> Data to examine
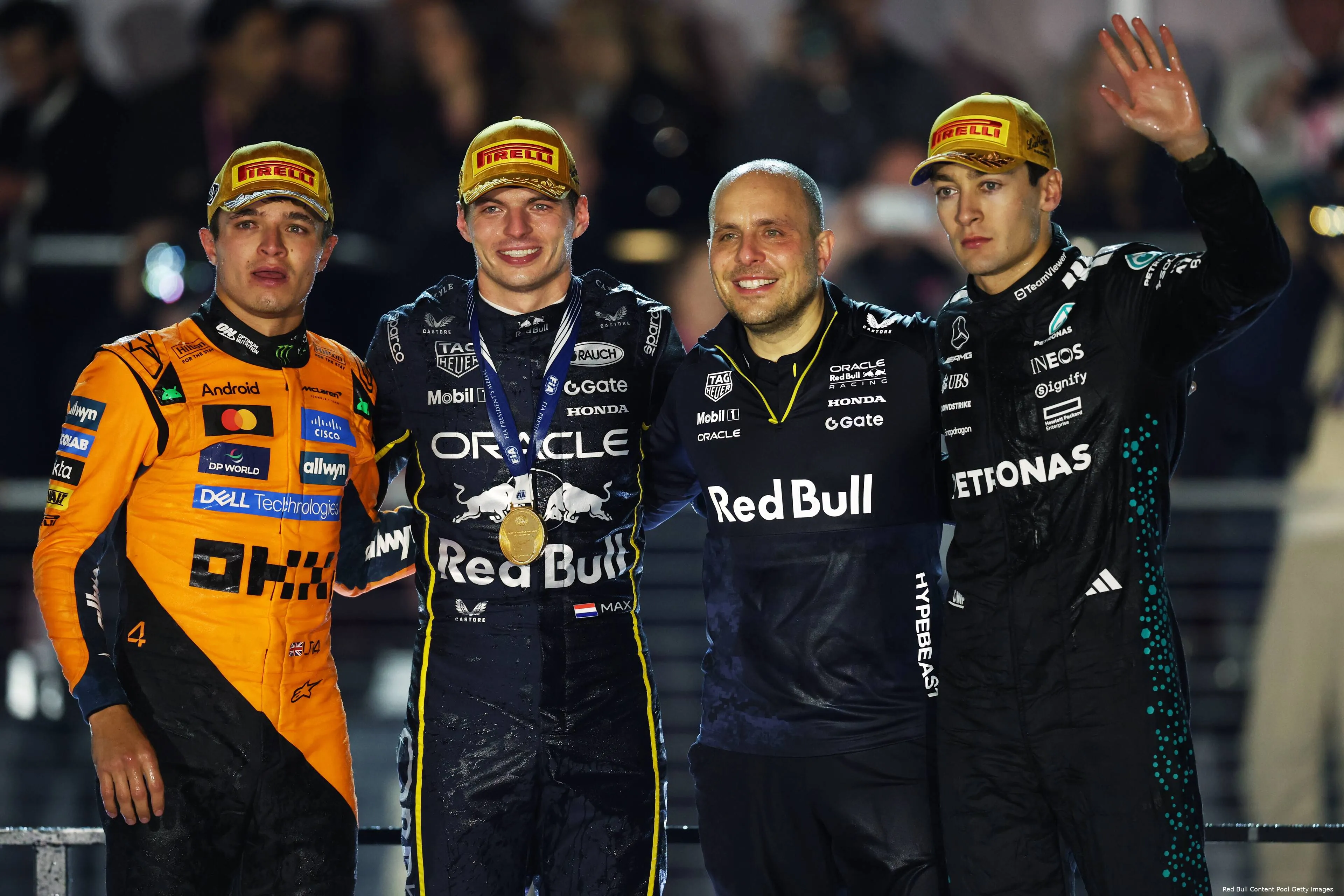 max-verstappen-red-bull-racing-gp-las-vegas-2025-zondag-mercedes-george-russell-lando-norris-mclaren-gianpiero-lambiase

...

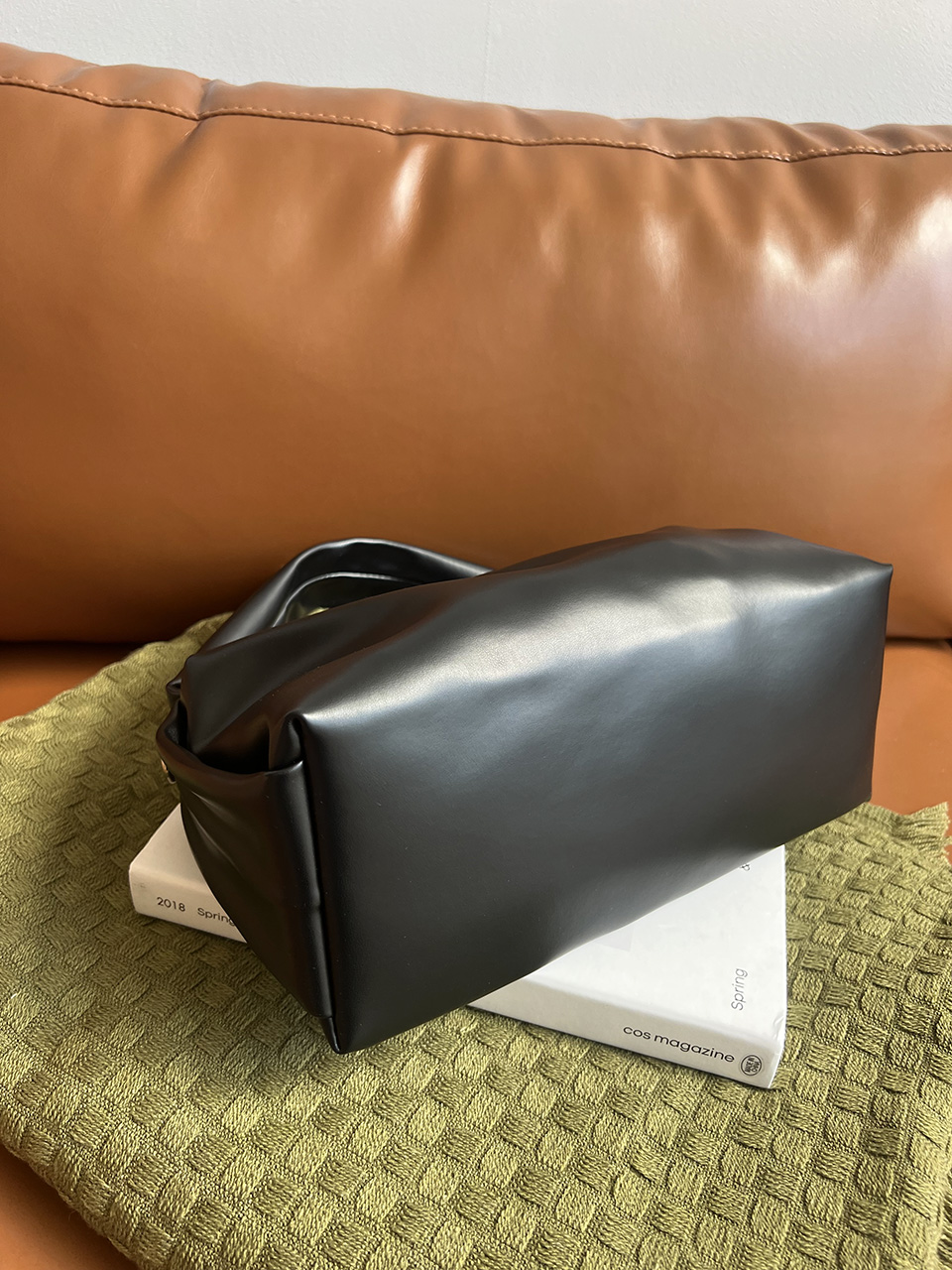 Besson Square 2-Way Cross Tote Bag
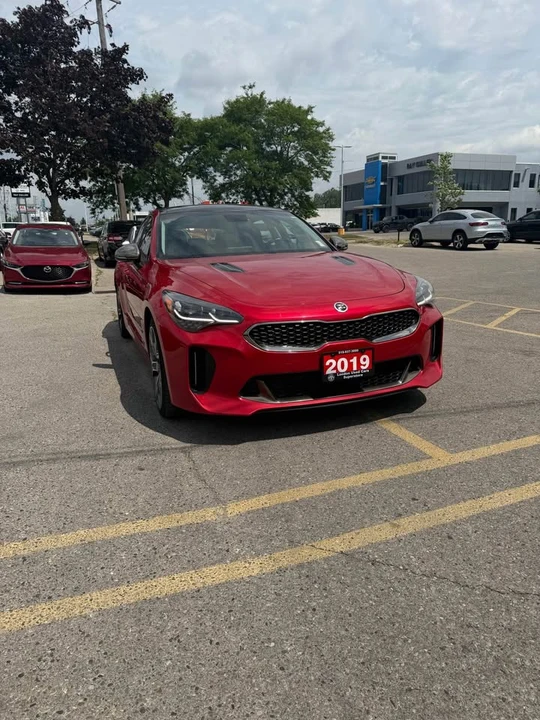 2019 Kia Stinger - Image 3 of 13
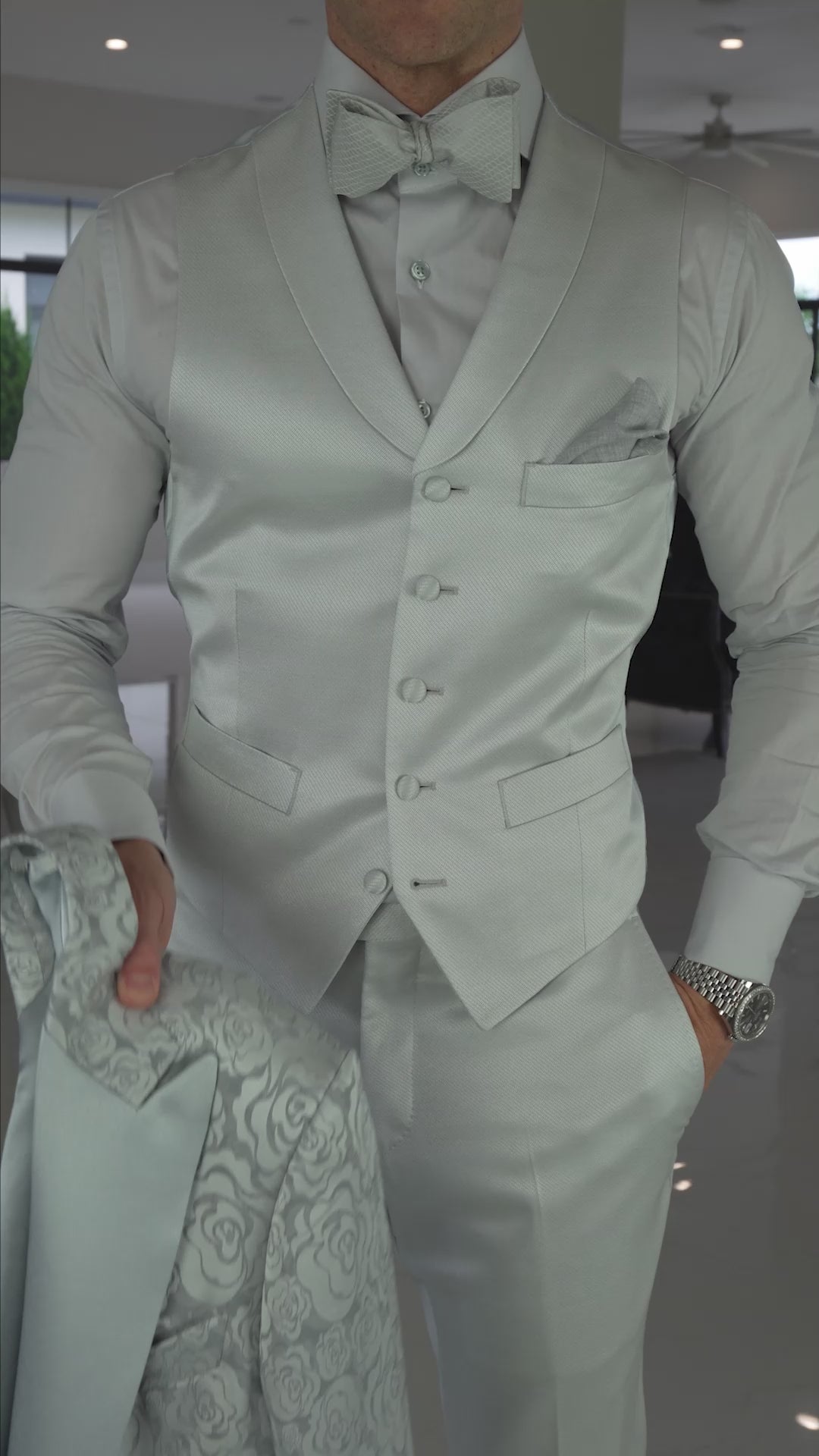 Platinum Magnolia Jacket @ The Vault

--

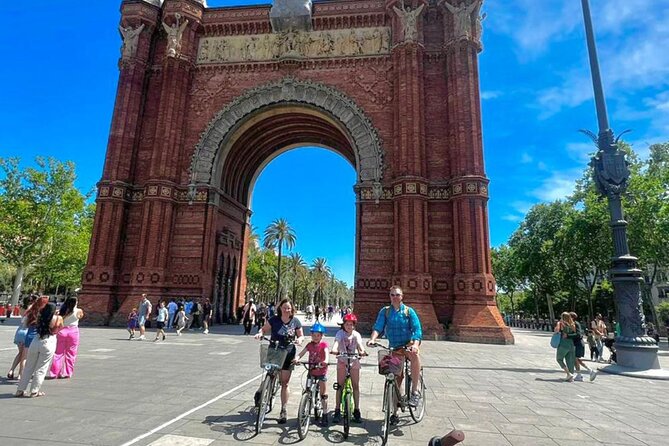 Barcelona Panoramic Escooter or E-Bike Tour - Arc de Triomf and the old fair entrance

> Problem to solve
Beginning at the line above that contains "2019 Kia Stinger - Image 3 of 13" and going on through the line that contains "Platinum Magnolia Jacket @ The Vault", please copy every line exactly, leaving the pictures out and adding nothing.

> Answer below
 2019 Kia Stinger - Image 3 of 13
 Platinum Magnolia Jacket @ The Vault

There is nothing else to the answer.